首先,需要读入数据到 R 中。可以使用以下代码:
```
data <- data.frame(
year = c(2010, 2011, 2012, 2013, 2014, 2015, 2016, 2017, 2018, 2019),
tourists = c(2320, 2703, 3638.49, 3970.1, 4862.1, 5027.21, 5622.02, 6290.6, 7036.59, 7739.11),
tourism_income = c(252.8, 303.1, 435.23, 501.2, 560.3, 600.71, 681.91, 785.29, 904.76, 904.76),
foreign_income = c(4600, 5230, 5590, 3711, 4919, 5588, 6280, 7506, 8341, 8548),
gdp_per_capita = c(48955, 58950, 65692, 72774, 82654, 89646, 99150, 112559, 120944, 128856),
gdp = c(2207.99, 2630.30, 2933.2, 3252.01, 3697.89, 4016.84, 4449.38, 5064.92, 5466.17, 5850.08)
)
```
然后,对每个变量进行描述性统计分析,可以使用 `summary()` 函数。
```
summary(data)
```
输出结果如下:
```
year tourists tourism_income foreign_income gdp_per_capita gdp
Min. :2010 Min. :2320 Min. :252.8 Min. :3711 Min. : 48955 Min. :2208
1st Qu.:2012 1st Qu.:3723 1st Qu.:420.7 1st Qu.:5190 1st Qu.: 69763 1st Qu.:3144
Median :2015 Median :5244 Median :580.6 Median :6284 Median : 86150 Median :4357
Mean :2015 Mean :5070 Mean :583.4 Mean :6105 Mean : 87030 Mean :4269
3rd Qu.:2018 3rd Qu.:6496 3rd Qu.:843.5 3rd Qu.:7923 3rd Qu.:111750 3rd Qu.:5466
Max. :2019 Max. :7739 Max. :904.8 Max. :8548 Max. :128856 Max. :5850
```
结果中,每个变量的最小值、第一四分位数、中位数、平均值、第三四分位数和最大值都被统计出来了。

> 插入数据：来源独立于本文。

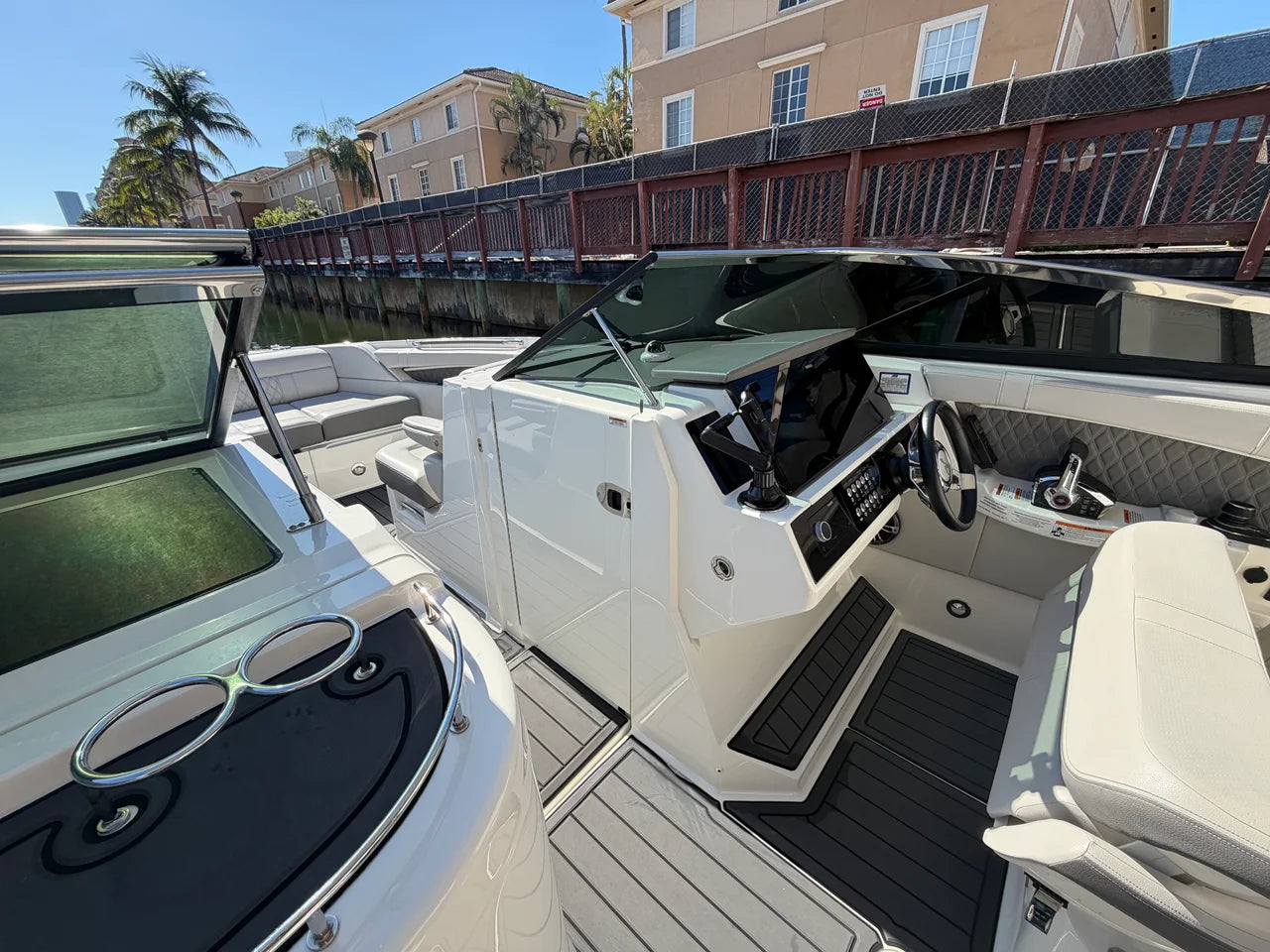 2023 Sea Ray 350 SLX OB 38.0 feet, North Miami, FL #68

如果需要计算每个变量之间的相关系数,可以使用 `cor()` 函数。
```
cor(data[, 2:6])
```
输出结果如下:
```
tourists tourism_income foreign_income gdp_per_capita gdp
tourists 1.0000 0.9989 0.9893 0.9963 0.9961
tourism_income 0.9989 1.0000 0.9877 0.9982 0.9976
foreign_income 0.9893 0.9877 1.0000 0.9923 0.9922
gdp_per_capita 0.9963 0.9982 0.9923 1.0000 0.9999
gdp 0.9961 0.9976 0.9922 0.9999 1.0000
```
可以看到,每个变量之间都有很强的相关性。